Records for processing →

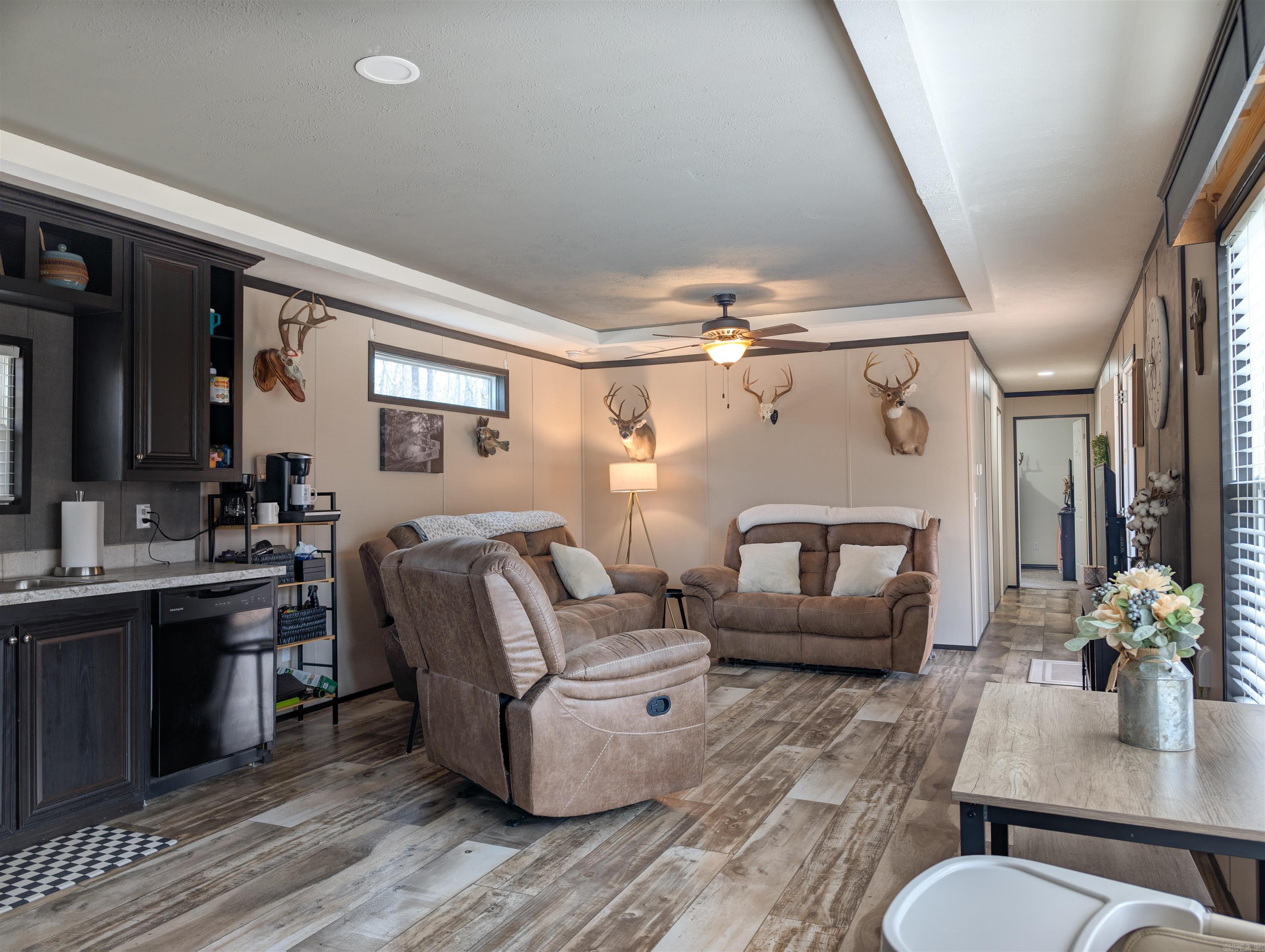 264  Meeks  Hot Springs, AR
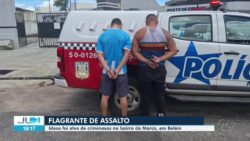 idoso-e-assaltado-a-mao-armada-em-plena-luz-do-dia,-e-tem-joias-e-dinheiro-roubados,-em-belem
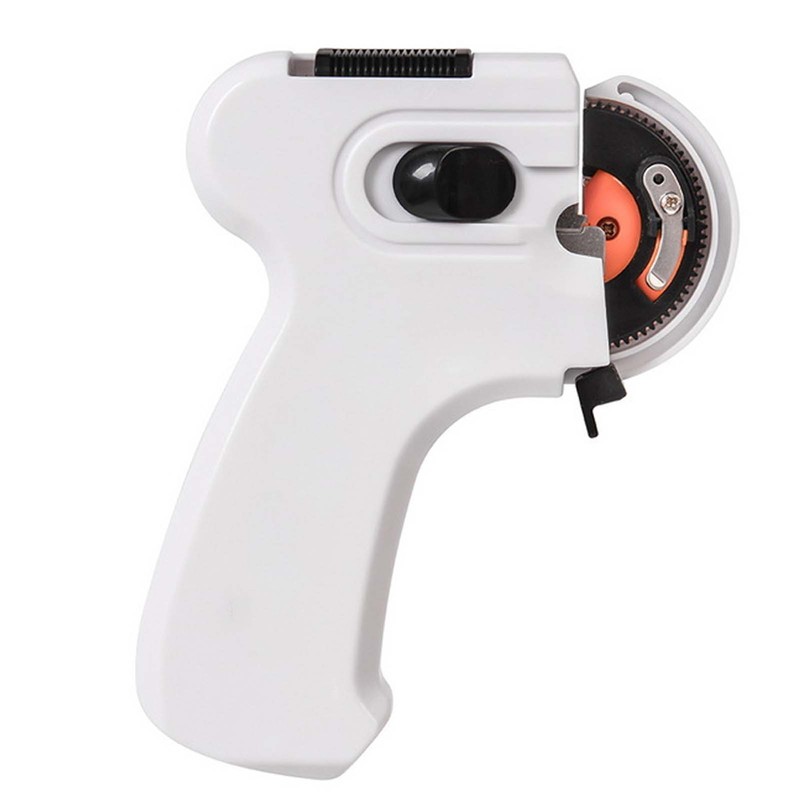 Automatic Fishing Hook Tier Machine Electric Fast Hook Lines Tying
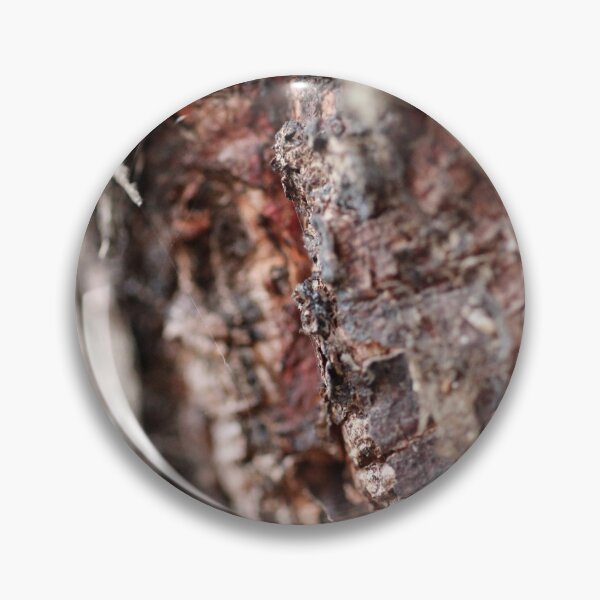 Item preview, bark on the side designed and sold by Jodie Cooper.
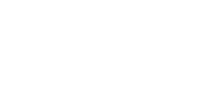 Pinellas Technical College Logo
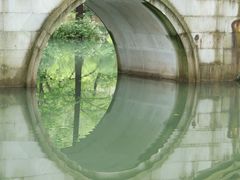 -兰亭风景区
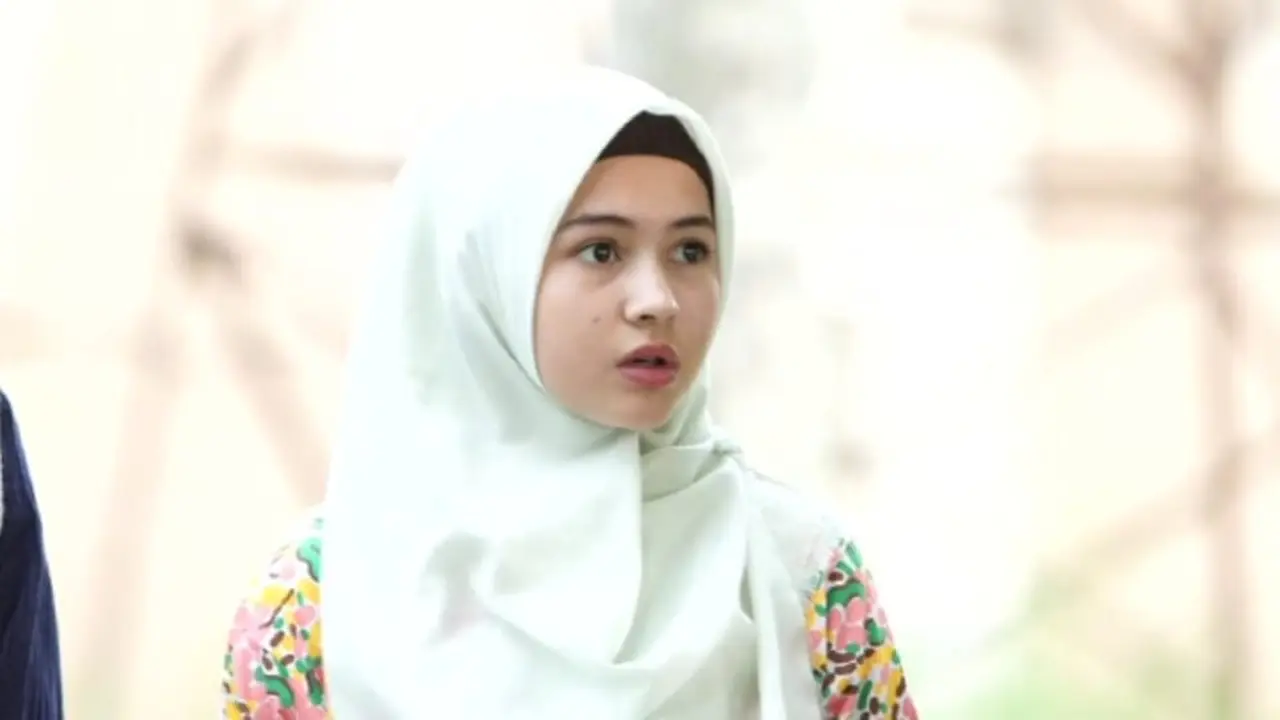 Dari Jendela SMP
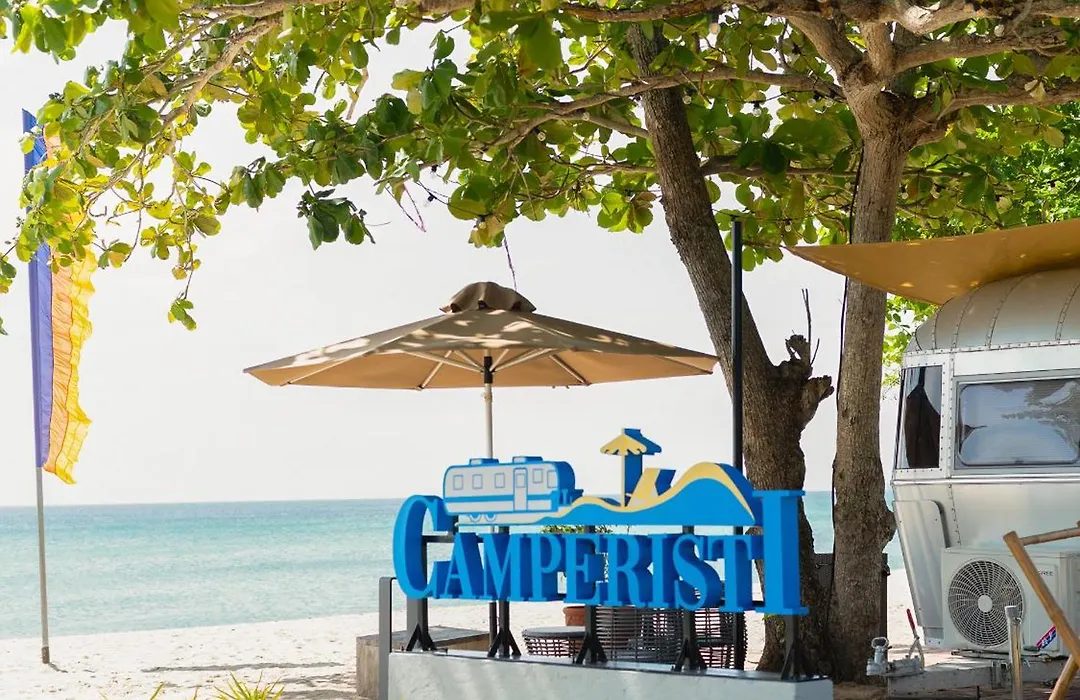 Camperisti Club Laiya-1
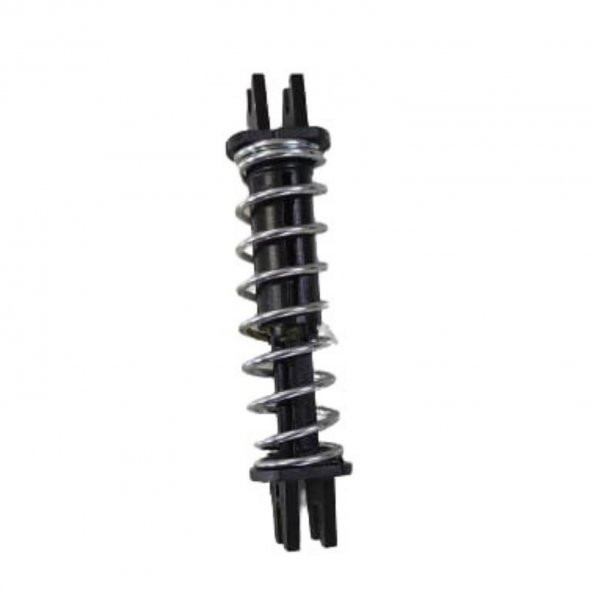 DEBRİYAJ PEDAL YAYI 207-301-C-ELYSEE - Resim 2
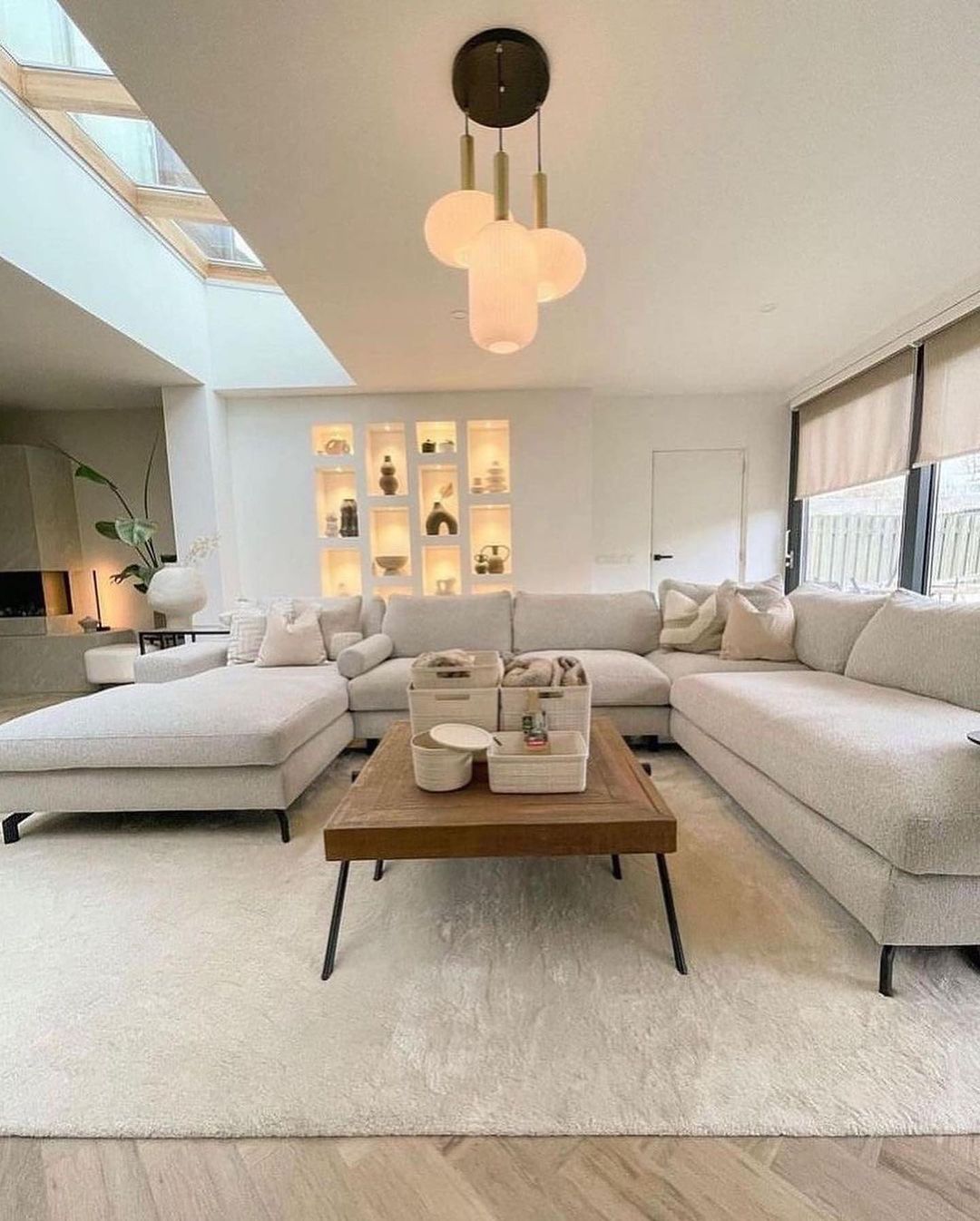 luxy___homes@instagram on Pinno: Get inspired @luxy___interiors ...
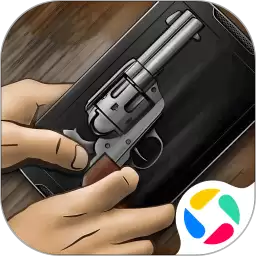 ǹеģ���� �޹���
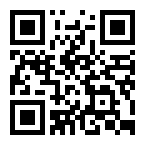 手机扫描二维码下载危机使命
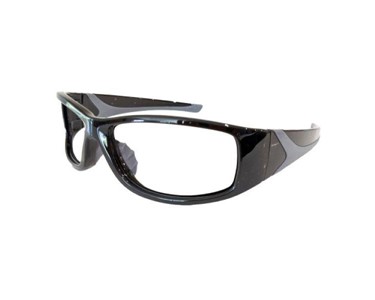 Protech Medical - Circuit - Wrap Around Lead Glasses - PTM-RE-CIRC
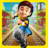 icon Rudra Run Game(Rudra Run Game 3D: Rudra Game
) 1.8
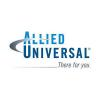 Allied Universal | Auto-jobs.ca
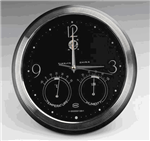 溫濕度晴雨表， 溫度濕度觀測天氣預(yù)報火警預(yù)示測試儀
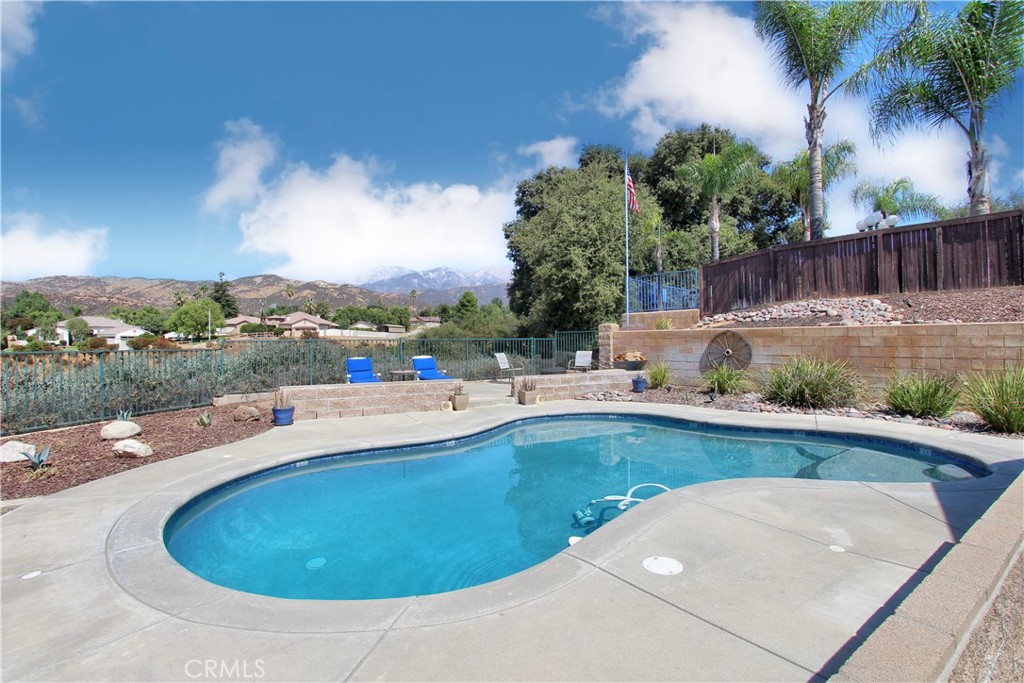 36372 Canyon Terrace Drive Property Photo 40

What the exercise asks → Each record above is to be copied out exactly; its pictures are not.

Output below →
 264  Meeks  Hot Springs, AR
 idoso-e-assaltado-a-mao-armada-em-plena-luz-do-dia,-e-tem-joias-e-dinheiro-roubados,-em-belem
 Automatic Fishing Hook Tier Machine Electric Fast Hook Lines Tying
 Item preview, bark on the side designed and sold by Jodie Cooper.
 Pinellas Technical College Logo
 -兰亭风景区
 Dari Jendela SMP
 Camperisti Club Laiya-1
 DEBRİYAJ PEDAL YAYI 207-301-C-ELYSEE - Resim 2
 luxy___homes@instagram on Pinno: Get inspired @luxy___interiors ...
 ǹеģ���� �޹���
 手机扫描二维码下载危机使命
 Protech Medical - Circuit - Wrap Around Lead Glasses - PTM-RE-CIRC
 icon Rudra Run Game(Rudra Run Game 3D: Rudra Game
) 1.8
 Allied Universal | Auto-jobs.ca
 溫濕度晴雨表， 溫度濕度觀測天氣預(yù)報火警預(yù)示測試儀
 36372 Canyon Terrace Drive Property Photo 40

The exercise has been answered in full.